When I was a child, I used to hate getting my hair washed so much. I would roar the house down until I was pinned to the kitchen sink so my mum could wash my hair there as I howled like a sad wolf.
Weekends to me weren’t Saturday or Sunday, they were both allocated Hair Washing Days, and I dreaded them. I don’t dread washing my hair so much now - I just plan most of my swims around the blessed day - but I have begun to dread Bin Day.
To mark the end of one week and the start of another, the sad Sunday routine in my neck of the woods consists of everyone rolling out the bins to the street with a sigh, for Mondays are Bin Day. Anytime between 5am and - oh, I don’t know - 6pm, ours bins are picked up and emptied, and then rolled back into position. Their returned position (and time) is never precise, it’s thereabouts. Sort of. An inch past. Kinda. It’s anyone’s guess really.
My neighbours match the whimsies of the refuse collectors, not knowing when the bins will be upturned, so they allocate a full 24 hours to them being out, pride of place, in front of their house and on every single foot path across the land.

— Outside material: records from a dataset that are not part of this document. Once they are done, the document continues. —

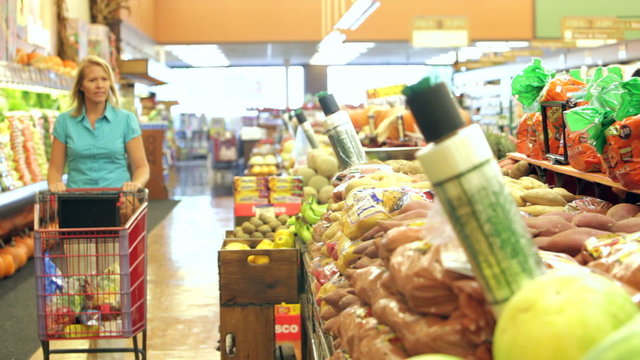 Woman Shopping In Supermarket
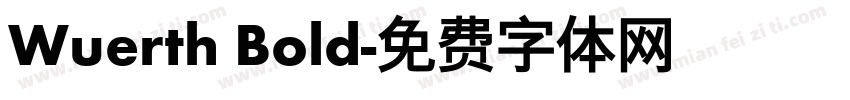 Wuerth Bold字体转换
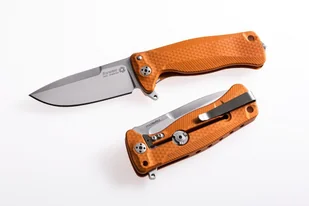 Nóż składany LionSteel SR22A Orange Aluminum, Satin Sleipner by Molletta (SR22A OS) - Noże - miniaturka - grafika 9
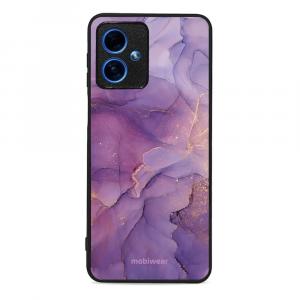 Etui ochronne do Motorola Moto G54 5G, Mobiwear Glossy Case, fioletowe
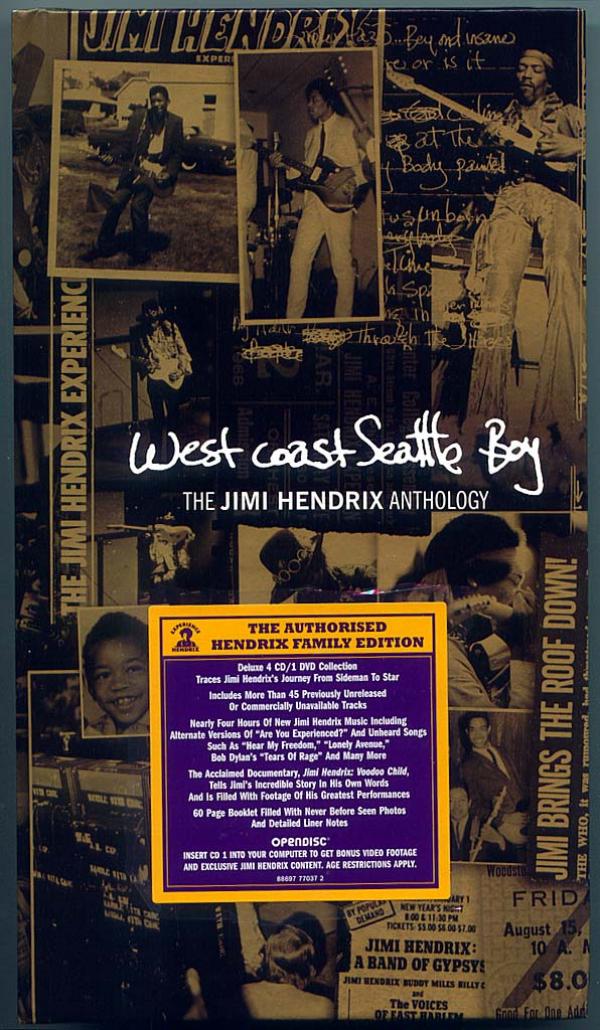 CD● JIMI HENDRIX ジミヘンドリックス West Coast Seattle Boy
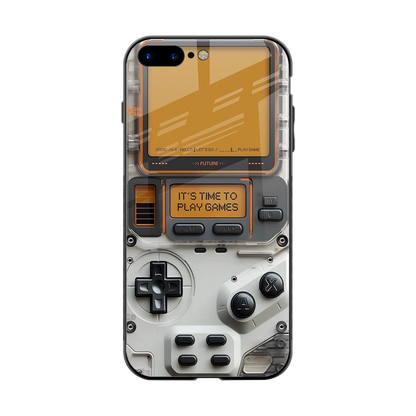 Gameboy Orange back phone cover | glass case for iphone 8 plus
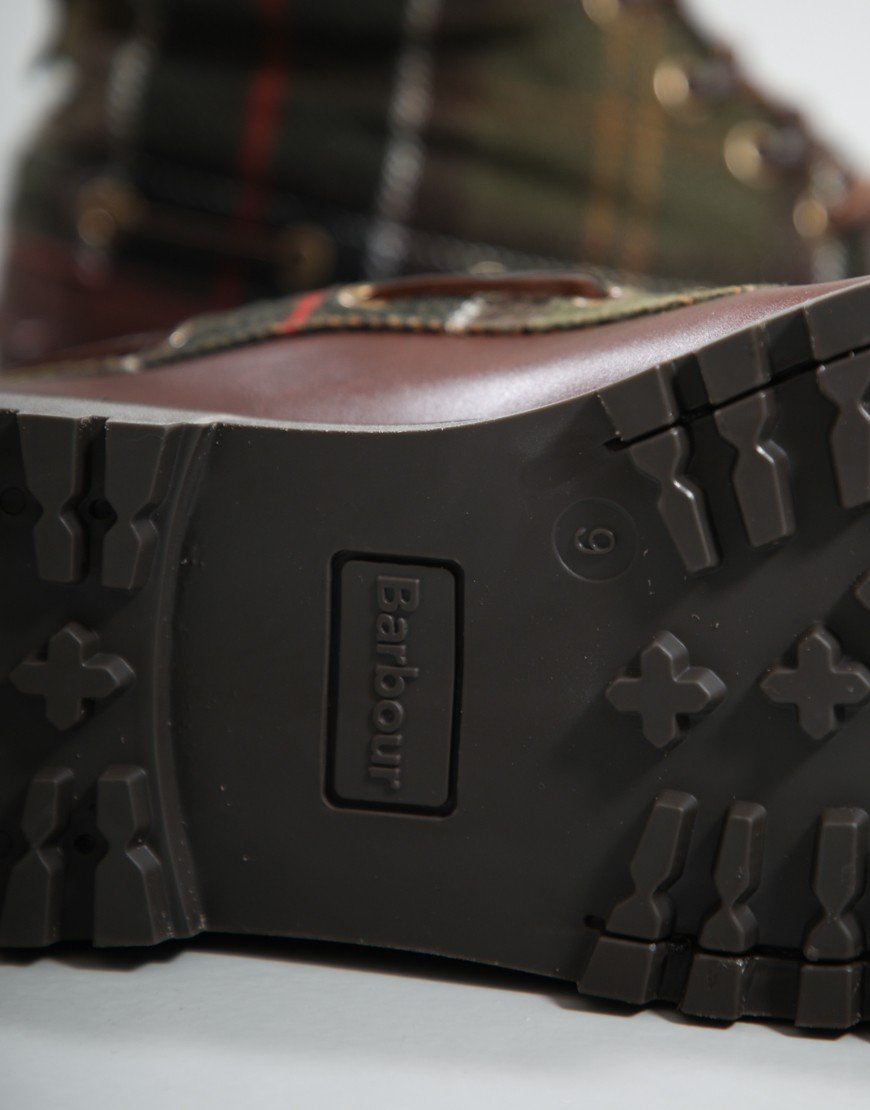 Barbour Harle Mid Chukka Boot Brown/Classic Tartan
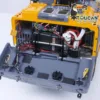KIT LESU ET30H RC Excavator CNC 1/14 RC Hydraulic Metal Wheeled Digger Remote Control Construction Vehicles Lights Toys THZH1184 6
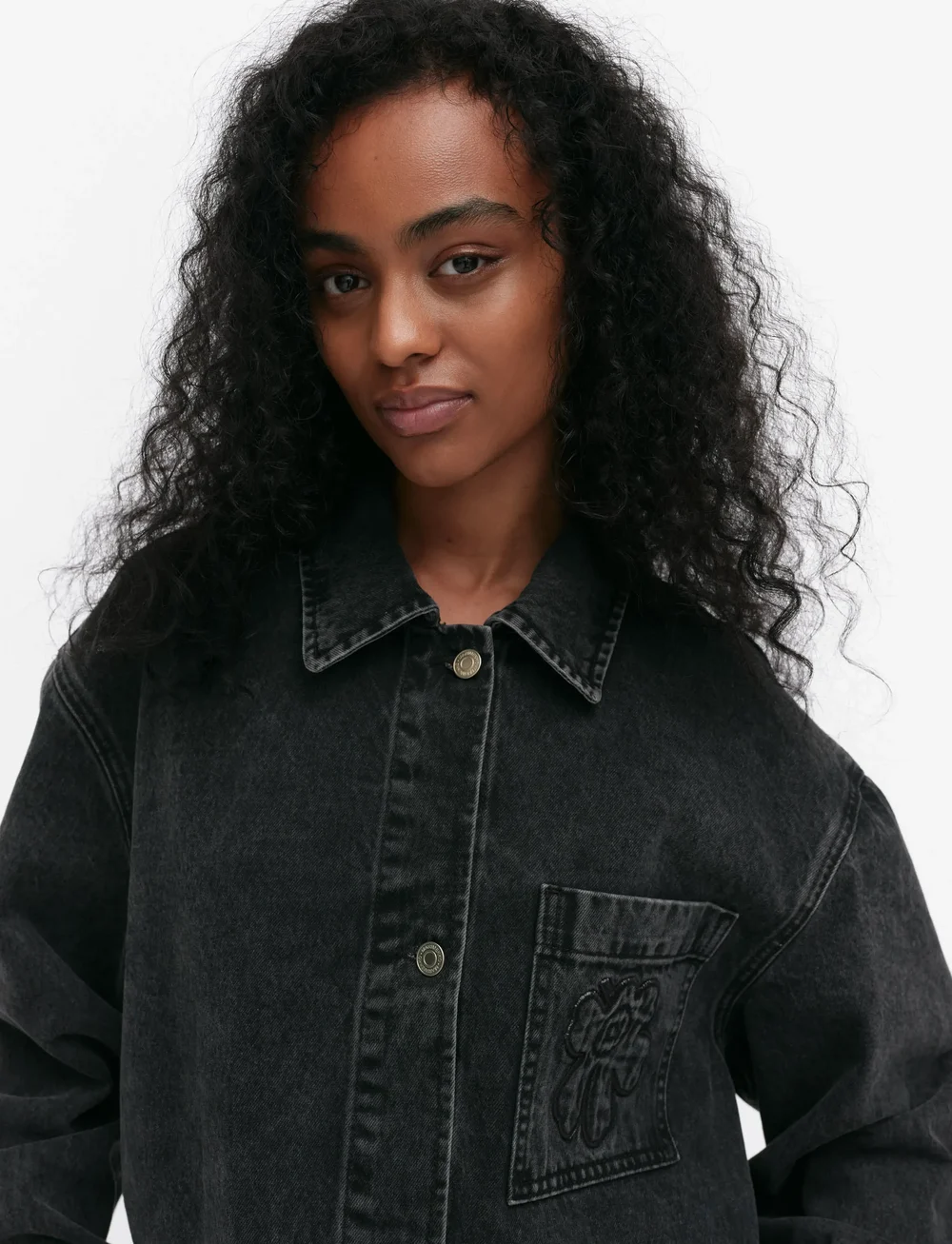 Marimekko - MARIDENIM POWERI UNIKKO - jeansjacken - washed black - 3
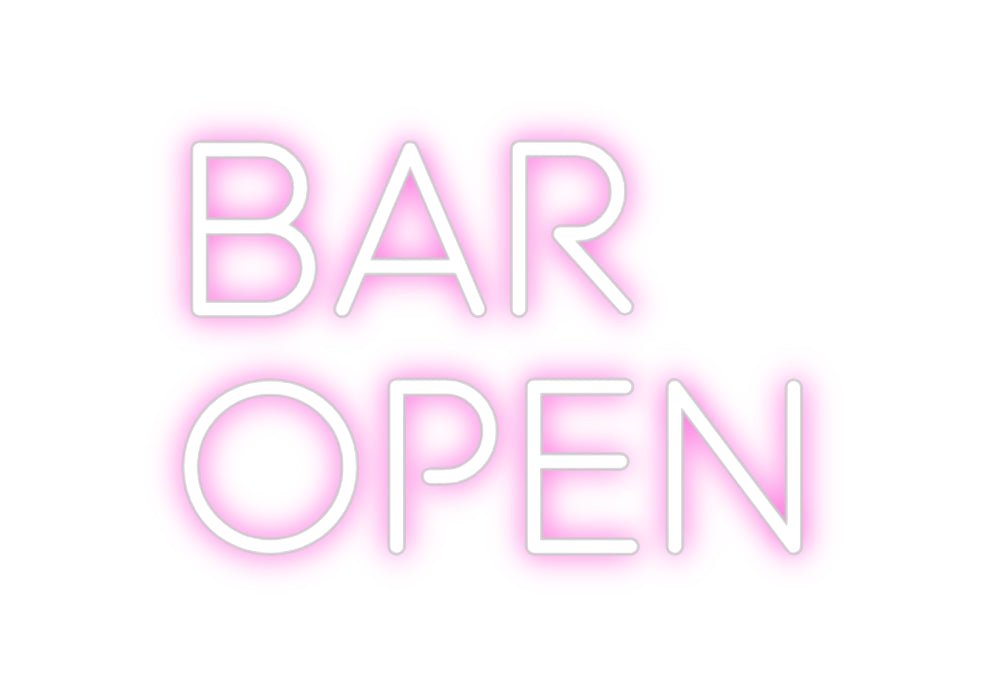 Custom Neon: BAR OPEN - Neon Filter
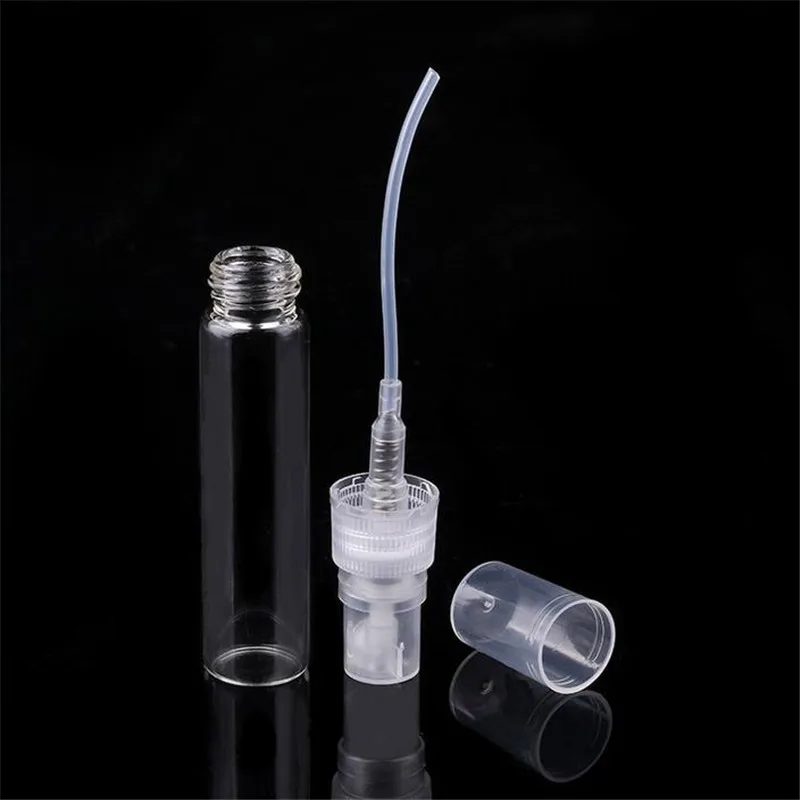 50/100PCS 2ML 3ML 5ML 10ML Schwarz Tragbare Glas Parfüm Flasche Leere Nachfüllbare Flasche kosmetik Flasche Probe Dünne Glas Fläschchen – Detail 6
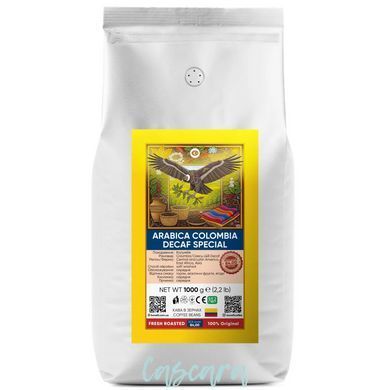 Кава в зернах Bonelli Specialty Arabica Colombia DECAF Special 1 кг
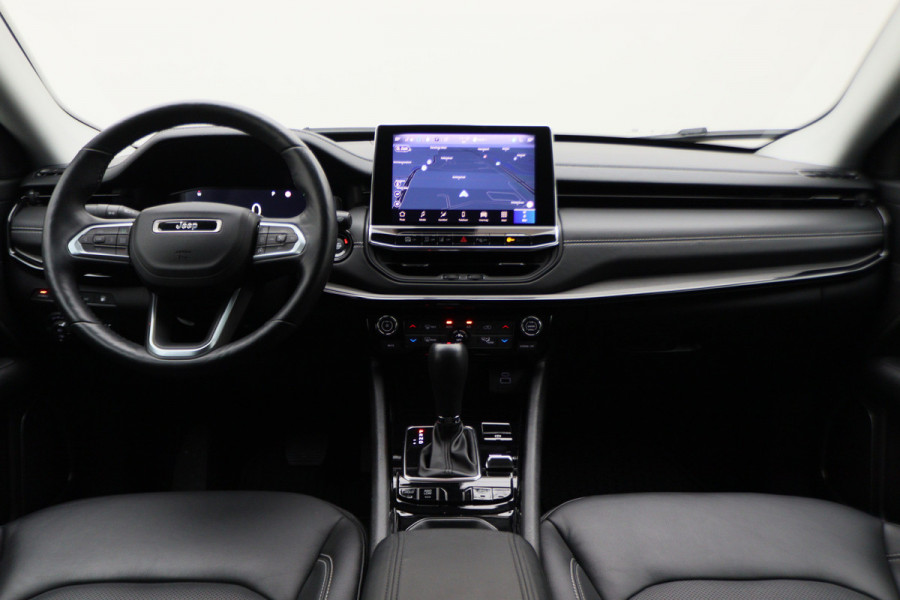 Jeep Compass 4xe 240 Plug-in Hybrid Electric S Leer, Virtual Cockpit, Camera, Stuur-/Stoelverw., Apple Carplay, ACC, 19"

The industrial bin below is a particular nemesis of mine. While most empty can be nudged with the nose of my wheelchair, this bin cannot be budged. It’s so large and so prominent that it takes up more than half the bath, and on this bottleneck road, I have to get down onto the road and back up on the pathway multiple times a Monday. I hate this bin. I hate how pompous it is, just manspreading its way through life, not giving a damn about who has to walk on the road.
Most wheelchair users know the pathways of their surrounds inside out. Every crack, every missing brick, every repaving hack job by Eircom/Irish Water/the Council, and every sharp drop. Bin Day throws us off the scent, and we need to reconfigure and reroute. Sometimes it can leave us stuck on a path, but mostly it leaves us pushing other people’s filthy bins out of our way.